The result: the quarterstaff -- a ten-foot-long hardwood pole weighing a good couple pounds -- sails off the stage into the audience, and hits another audience member in the stomach.




...The verdict: the no-photos rule may not be ONLY about safety, but you bet your sweet ass safety is one of several reasons why there is a no-photos policy.

We'll expect your announcement for candidacy in eight years, IvoShandor.
posted by EmpressCallipygos at 11:10 AM on January 21, 2009 [3 favorites]


Lupone decided to take it upon herself to ruin the show for everyone because she was annoyed.

Yeah, I'm gonna have to disagree with you here. Take the following:

I saw Nellie McKay perform once at a pretty intimate venue, and after several flash photographs during her set, she finally stopped and very politely said she'd be sure to linger after the show and pose for photos, but to PLEASE stop snapping her while she sang. Less than ten minutes later, someone up front took another photo. People are so terribly, terribly impulsive, selfish and inconsiderate.

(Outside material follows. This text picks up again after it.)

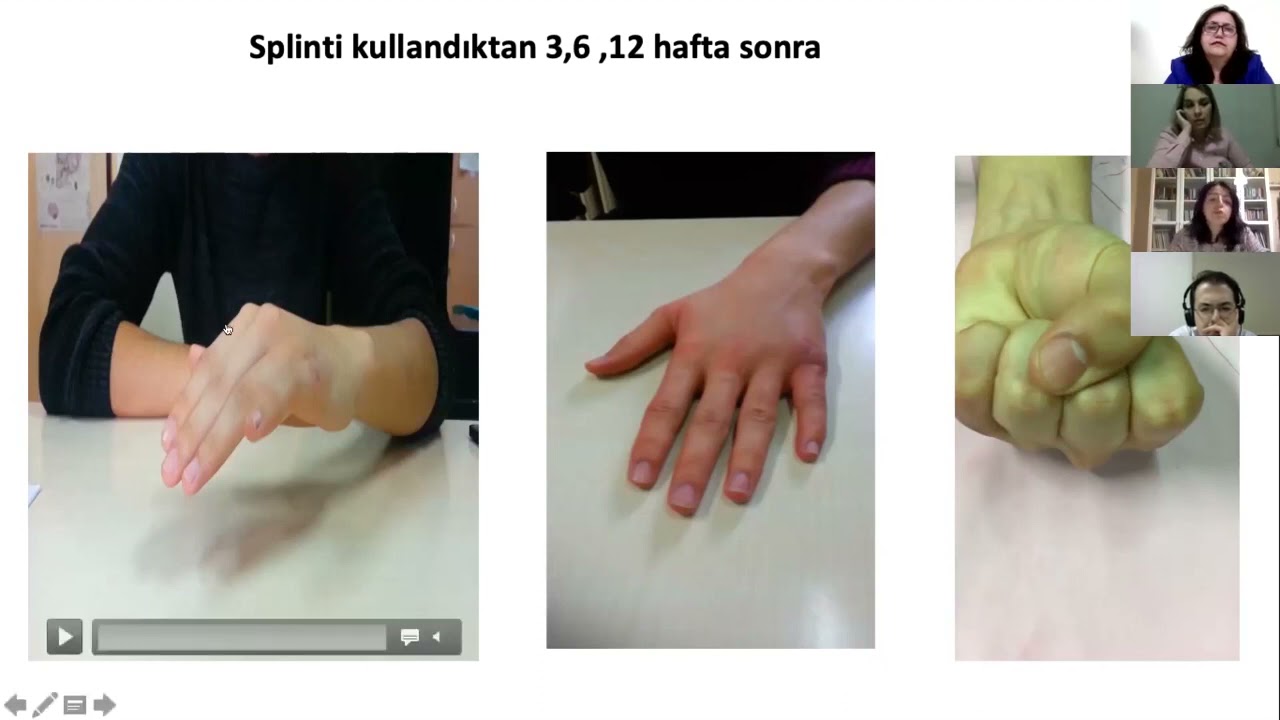 Ekstansör tendon tamiri sonrasında rehabilitasyon Prof Dr Çiğdem Öksüz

See, that person arguably doesn't respect this artist, along with his or her fellow audience members. I would be perfectly happy to have the show pause while bouncers toss this ass out on the street. You mistakenly assume that I cannot enjoy the show and enjoy a little justice in the same evening.
posted by Durn Bronzefist at 11:59 AM on January 21, 2009 [2 favorites]


Just returned from an errand and was going to post about the "safety?" comment, but I see other responsible theater folks have already got to it.

Not going to scroll back up, but: whoever questioned the safety rationale, I hope you now know better. It might look like fun and games to you folks sitting comfortably in the audience, but there is often split-second timing combined with potentially dangerous physical behaviour going on stage-side, and if you and your flash photography cause any trouble, you can bet the next drumstick is coming right the hell towards you and your expensive zoom lens, fast.
posted by Aquaman at 1:45 PM on January 21, 2009


I was in a production of One Flew Over The Cuckoo's Nest a few years ago. The director gave those of us playing mental patients permission to grab any cell phones that rang during the play, as long as we did it in character.
posted by EarBucket at 2:07 PM on January 21, 2009


I realize this train has probably sailed, but to clarify: I don't think it's ok to take pictures (or have phones or any of that). It drives me up the wall as well. I was just saying that the actress was not, I feel, entirely justified in stopping the whole show and having her little fit. Surely it was the ushers duty to deal with the problem? And if they failed, look, the show must go on.